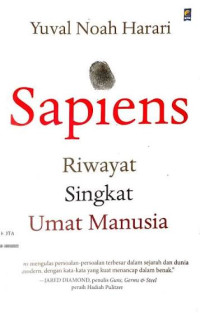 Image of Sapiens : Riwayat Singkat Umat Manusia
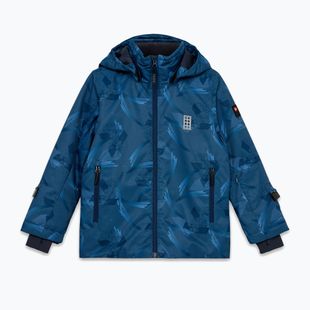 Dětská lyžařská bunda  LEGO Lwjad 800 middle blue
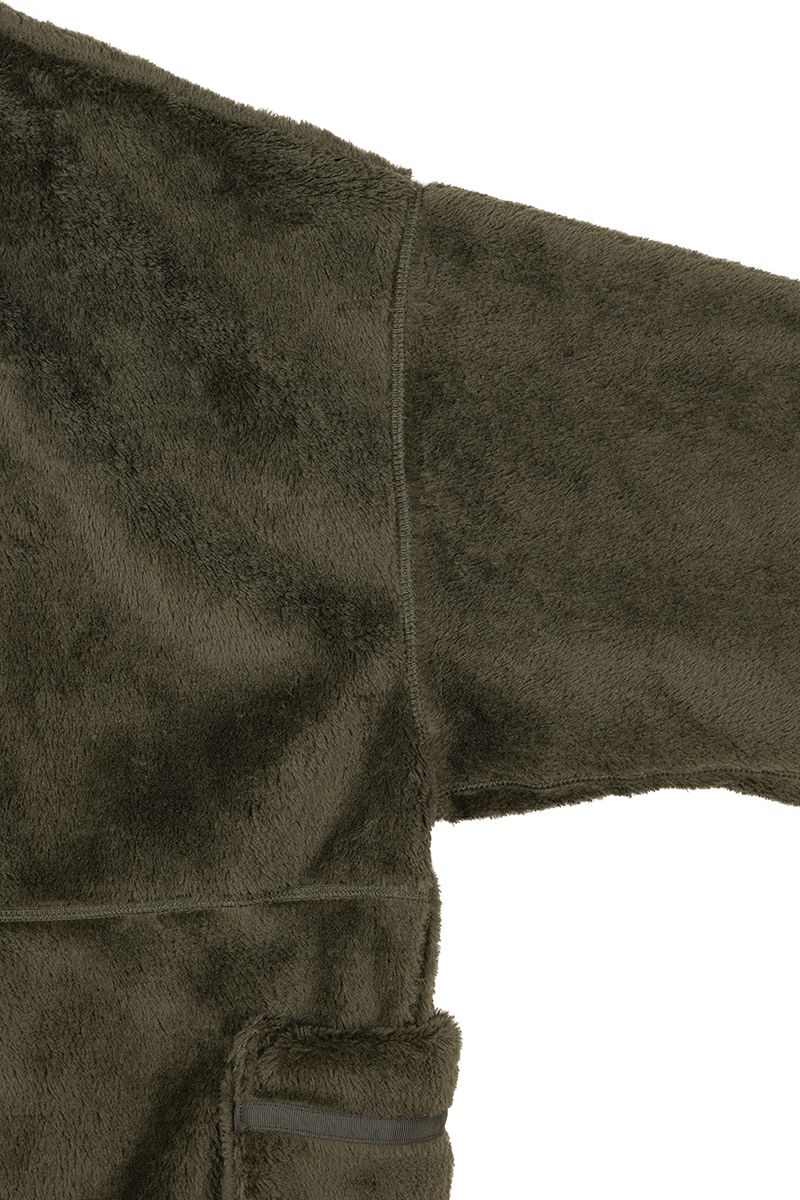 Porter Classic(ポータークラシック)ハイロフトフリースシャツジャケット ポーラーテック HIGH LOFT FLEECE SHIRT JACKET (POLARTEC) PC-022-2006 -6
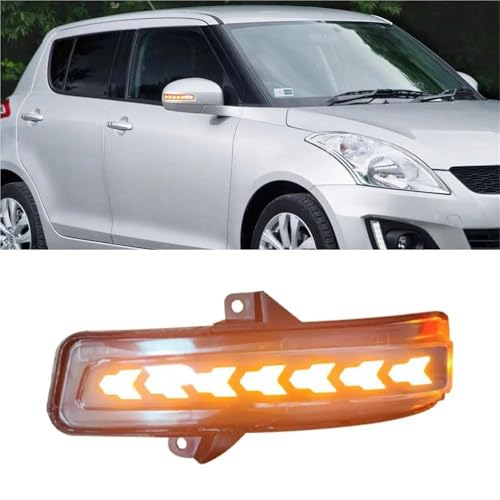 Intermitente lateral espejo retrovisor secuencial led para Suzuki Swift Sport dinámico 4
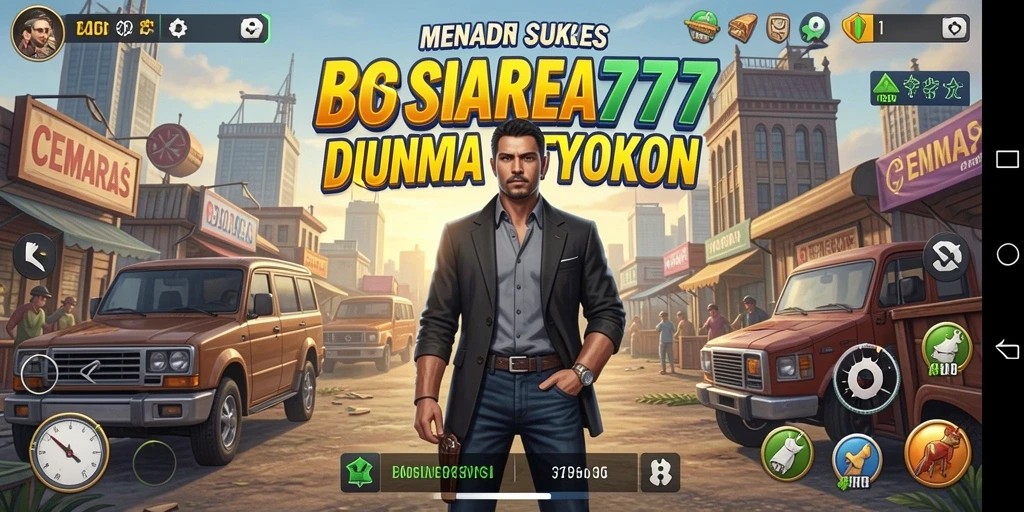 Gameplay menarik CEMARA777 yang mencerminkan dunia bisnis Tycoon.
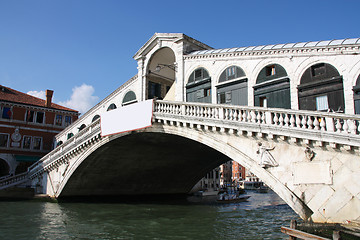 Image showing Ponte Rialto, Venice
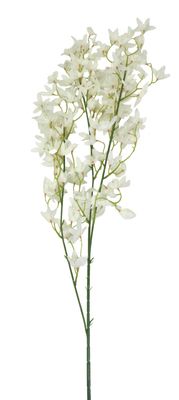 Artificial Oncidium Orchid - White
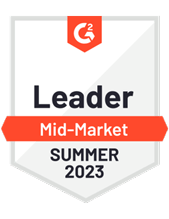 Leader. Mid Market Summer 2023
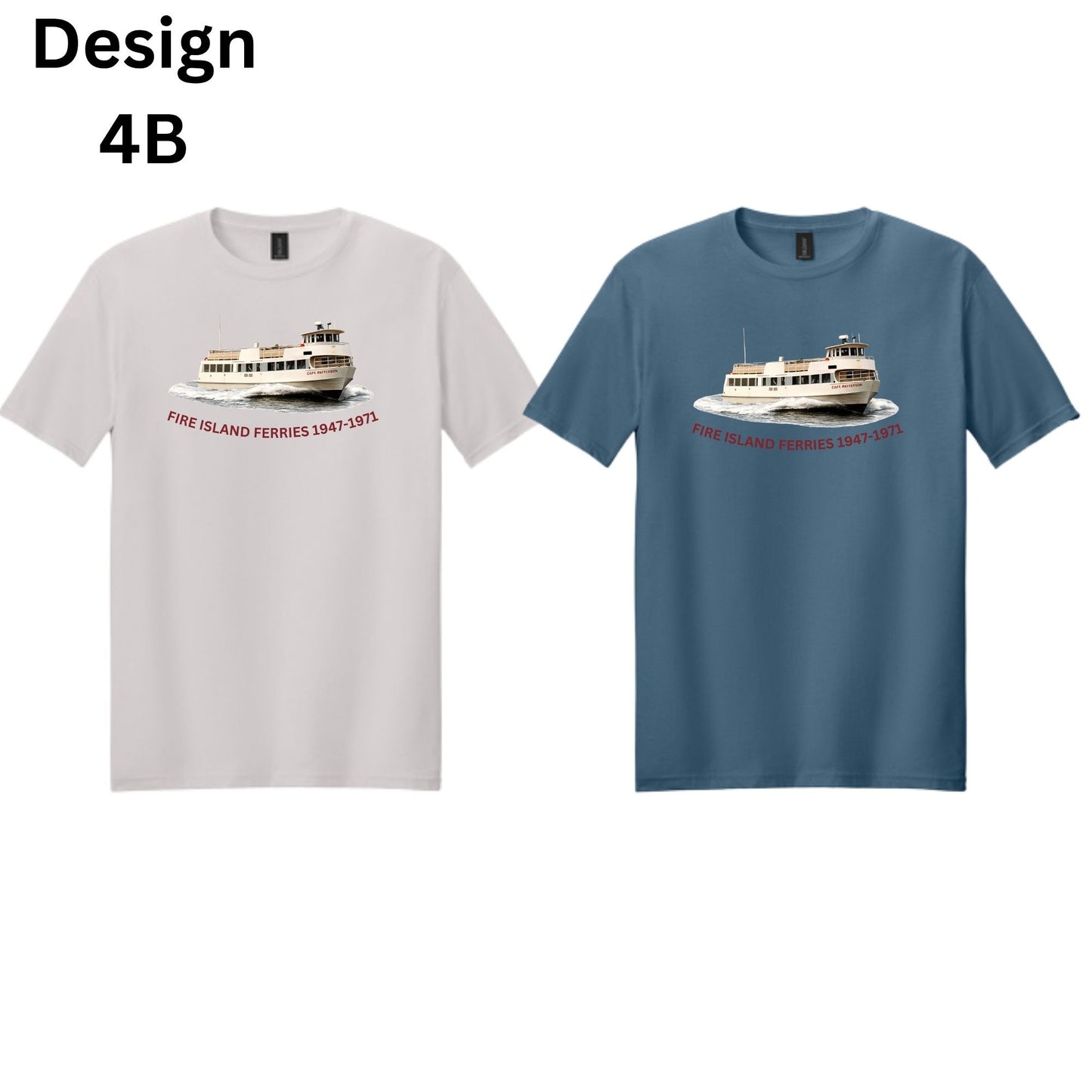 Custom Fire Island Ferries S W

• Goal of the exercise:
What is needed is an exact copy of every line from the one with "Porter Classic(ポータークラシック)ハイロフトフリースシャツジャケット ポーラーテック" to the end of the listing above, with the pictures left out.

• Written solution:
 Porter Classic(ポータークラシック)ハイロフトフリースシャツジャケット ポーラーテック HIGH LOFT FLEECE SHIRT JACKET (POLARTEC) PC-022-2006 -6
 Intermitente lateral espejo retrovisor secuencial led para Suzuki Swift Sport dinámico 4
 Gameplay menarik CEMARA777 yang mencerminkan dunia bisnis Tycoon.
 Image showing Ponte Rialto, Venice
 Artificial Oncidium Orchid - White
 Leader. Mid Market Summer 2023
 Custom Fire Island Ferries S W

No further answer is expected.